Plaintiff also urges erroneously that the Court has jurisdiction by virtue of the Tucker Act, 28 U.S.C. § 1346(a) (2). This section does not provide jurisdiction for suits such as the instant one which seek equitable relief only. See United States v. Jones, 131 U.S. 1, 9 S.Ct. 669, 33 L.Ed. 90 (1889); R. E. D. M. Corp. v. Lo Secco, 291 F. Supp. 53 (S.D.N.Y. 1968), aff'd. 412 F.2d 303 (2d Cir. 1969). Plaintiff also urges 42 U.S.C. § 1983 coupled with 28 U.S.C. § 1343(3) as a jurisdictional basis. Sections 1983 and 1343 do not apply, however, with respect to official action by agents of the federal government. Finally, plaintiff asserts §§ 702-704 of the Administrative Procedures Act [5 U.S.C. § 702-704] as a jurisdictional basis for this action. However, as plaintiff has failed to show that he has exhausted his military remedies, the Court is not satisfied that the suit is maintainable under those sections. See Beard v. Stahr, 370 U.S. 41, 82 S.Ct. 1105, 8 L.Ed.2d 321 (1962); Anderson v. MacKenzie, 306 F.2d 248 (9th Cir. 1962).

II. RIPENESS

Defendants contend that this matter is not ripe for determination, since plaintiff has not, thus far, been refused attendance at Air Force reserve drills or other training exercises and has not, thus far, been designated as absent without excuse from such drills and exercises for wearing a short hair wig. In short, defendants contend that plaintiff must show that he has already been prejudiced by his refusal to comply with the regulation in question before he can maintain an action challenging the constitutional validity of that regulation. The Court disagrees.

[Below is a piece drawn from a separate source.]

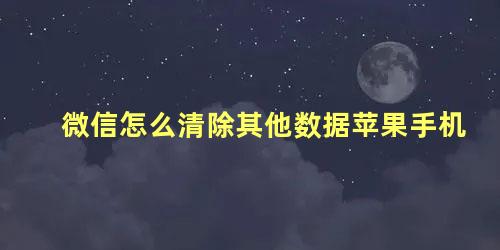 微信怎么清除其他数据苹果手机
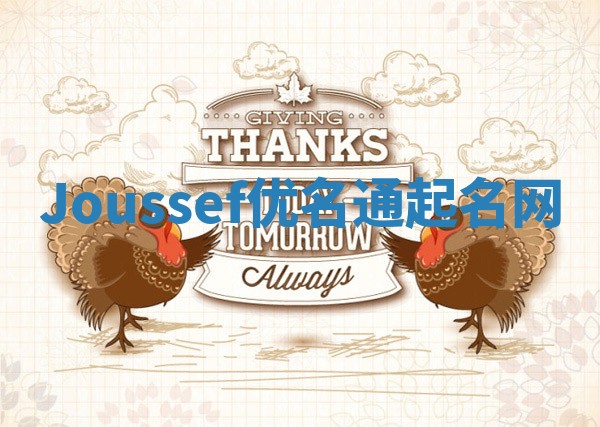 Joussef优名通起名网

The parties have stipulated that plaintiff's natural hair is presently longer than permitted under the appearance standards found in Air Force Manual 35-10(1-12) (a)(2). It has been plaintiff's past practice to conform to those appearance standards, while on duty, by wearing a short hair wig which, in turn, is in violation of the challenged regulation. While no action has been taken against plaintiff for his past violations of the wig policy, he has been informed by his superior officers that any future attempts to comply with the appearance standards by wearing a short hair wig will result in his being designated absent without excuse from any reserve drills and training exercises he would attempt to attend, and that these absences would likely result in his induction into active service. The Court is satisfied, under these circumstances, that the issues are presented in a sufficiently concrete factual context so as to avoid the type of abstract decision making prohibited under Article III of the United States Constitution. See Abbott Laboratories v. Gardner, 387 U.S. 136, 148-149, 87 S.Ct. 1507, 18 L.Ed.2d 681 (1967). The Court is further satisfied that the threat to plaintiff's ultimate induction into active service for his refusal to comply with the challenged regulation is sufficiently present and is of sufficient gravity to justify the granting of equitable prospective relief by this Court. See Abbott Laboratories v. Gardner, 387 U.S. 136, 148-149, 87 S.Ct. 1507, 18 L.Ed.2d 681 (1967). Plaintiff should not be required to engage in further violations of the regulation under attack before he would have standing to challenge its validity, where the threatened results flowing from such violations, if the regulation were later determined to be valid, would be so totally disruptive of his life. Cf. Ex parte Young, 209 U.S. 123, 165, 28 S.Ct. 441, 52 L.Ed. 714 (1908).

III. FINDINGS OF FACT

Based on the evidence presented, the Court finds the following facts:

The regulation found in Air Force Manual 35-10(1-12) (a)(2) provides:

(2) Hair. Hair will be neat, clean, trimmed, and present a groomed appearance. Hair will not touch the ears or the collar except the closely cut hair on the back of the neck. It will present a tapered appearance. Hair in front will be groomed so that it does not fall below the eyebrows and will not protrude below the band of properly worn headgear. In no case will the bulk or length of the hair interfere with the proper wear of any Air Force headgear. The acceptability of a member's hair style will be based upon the criteria in this paragraph and not upon the style in which he chooses to wear his hair.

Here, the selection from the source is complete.